Judy didn’t have much time. Her boxing lesson was over and she had to get back to the office. She was stretching plausibility with her story of a two-hour doctor’s appointment, even with a gynecologist. They overbooked with less guilt than an airline, but there was a limit. Judy crouched next to her gym bag and packed it slowly, watching the young woman with the knitting. Her husband pounded the speed-bag next to her. Mr. Gaines had said Connolly hung with the wives. Maybe Mrs. Morales knew something.

Ba-bum, ba-bum, ba-bum, went the speedbag, smacking the plywood backboard and swinging back for more punishment. Morales punched the bag with the outside of his gloves, his tattooed arms high and his elbows spread sideways like wings. His wife glanced up from her knitting to watch him, though the boxer concentrated on the drubbing he gave the speedbag, lost in a trance sustained by the rhythms of his own violence.

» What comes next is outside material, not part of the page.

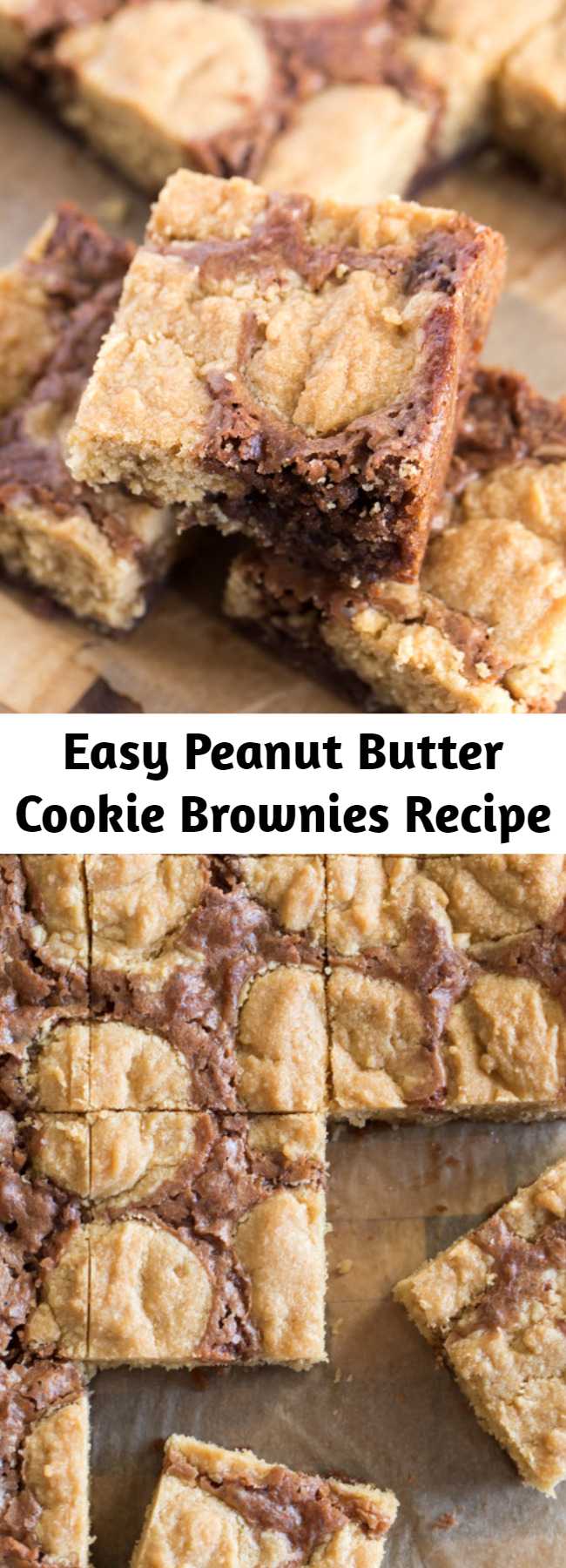 Easy Peanut Butter Cookie Brownies Recipe - An easy homemade brownie batter studded with globs of peanut butter cookie dough for a chocolate peanut butter lovers dream come true. These little squares did NOT last long my friends.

Judy zipped her gym bag closed, straightened up, and walked casually in their direction. Ba-bum, ba-bum, ba-bum; the sound grew louder. She walked past Morales and stopped next to his wife, who didn’t look up from her knitting. “I always wanted to learn to knit,” Judy said loudly.

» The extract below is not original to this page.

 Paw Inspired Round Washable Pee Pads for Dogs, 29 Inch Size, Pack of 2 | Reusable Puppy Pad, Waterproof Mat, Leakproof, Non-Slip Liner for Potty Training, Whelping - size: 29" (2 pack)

The young woman looked up in surprise, her lacquered fingers frozen at her row of tight stitches. Morales stopped hitting the speedbag, which flopped back and forth on the squeaking chain, and glared at Judy. “What did you say to her?” he demanded.

“Uh, nothing really,” Judy answered, taken aback. Behind Morales she saw Mr. Gaines, who had stopped coaching another fighter and was watching vigilantly. “I was just trying to learn about knitting.”

“Oh, yeah?” Morales blinked perspiration from his eyes, revealing a prominent brow that crumpled with the force of his anger. “Buy a book.”

“Danny, Danny,” Mr. Gaines called out, shuffling bandy-legged to Morales. He waved an arm in the air as if he were hailing a cab. “Ain’t no call for that now. Tha’s Judy, Judy Forty. She one of my students.”

Morales grinned crookedly. “A chick, takin’ lessons here?”

“She a boxer to me, tha’s all,” Mr. Gaines said. “You should rightly be sayin’ welcome to her. He’p bring her along.”

Judy felt a guilty pang. Mr. Gaines was standing up for her, and she had lied to him. “That’s all right, Coach.”

“No, Danny here can introduce himself, he want to be polite. You might like meetin’ a famous boxer. Danny has twenty-five fights, twenty-four by knockout, only one by decision. He’s comin’ up to his first twelve-rounder in a coupla months.”